Quizá ellas obran como Judith cumpliendo un deber patriótico: matan al enemigo. Sin embargo, aquí se trata más del hombre que del soldado. De ese ser que es el portador del significante del deseo. Fiel a la tradición freudiana, Lacan nos recuerda en la página 397 de El deseo y su interpretación que el apetito sexual es un tormento. Las mujeres no parecían estar tan mal hasta que el falo llegó. Pero él también es un atormentado que no logra poner freno a la insistencia que parasita su miembro viril. Si el varón está llamado a la virtud (vir = varón), es porque lleva consigo el estigma de todos los males del mundo. Eso no tiene más remedio que la castración o la muerte. Así, el hombre, ése bicho que es un lobo para su igual, para sí mismo, y para una mujer, solamente es bueno si está castrado o muerto. Un juicio sin duda extremo. Sin embargo, en uno de sus escritos más famosos Lacan nos dice que es un amante castrado o un hombre muerto lo que solicita –y amerita- la adoración femenina. Un amargo cinismo dictamina que la muerte mejora al hombre. ¿Se puede decir lo mismo de las mujeres?
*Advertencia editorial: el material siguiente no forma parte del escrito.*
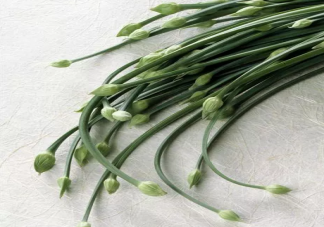 吃韭菜可以壯陽是真的嗎 吃韭菜有什么好處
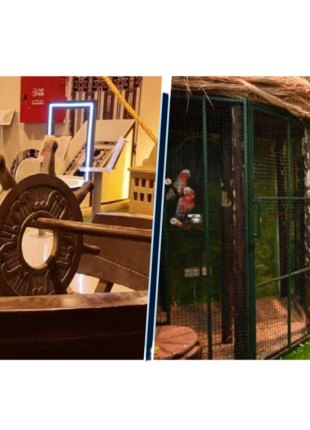 Untitled design 12 310x430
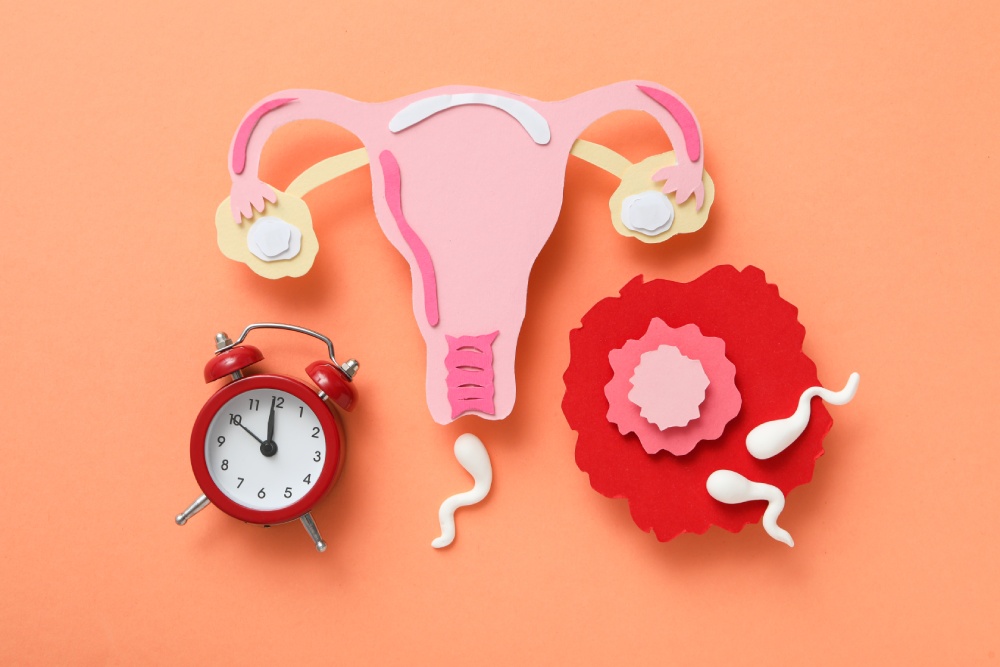 jak dlouho trvá menstruace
The Beguiled se inscribe en una larga tradición que nos habla de la perversidad de poner juntos a hombres y mujeres. Del insensato designio de unir lo que el diablo ha separado, haciendo honor a su nombre (“el separador”). Un poema de Baudelaire pregunta hasta cuándo habrá de proseguir ese juego feroz y ridículo. Acaso el único alivio es que lo ridículo pueda compensar lo feroz. No sabemos si en los tiempos que corren la extensión progresiva de la ética del célibe muestra una masculinidad más cobarde o más sabia. Ciertamente todo depende del caso. Otto Gross dijo que la homosexualidad del varón era algo equiparable a la posición del objetor de conciencia: se renuncia a las mujeres porque no se las quiere herir. Seguramente exageró, aunque Lacan reconoce que el hombre no cesa de meter la pata siempre que se relaciona con una mujer. También deploraba que varón moderno se abstenga de iniciativa y espere a que ella venga a bajarle los pantalones. Pero en la actualidad quizás haya que prestar algún crédito –según el caso- a lo que postulaba el asceta: la primera regla para abordar a una mujer con fines sexuales es que no se lo debe intentar.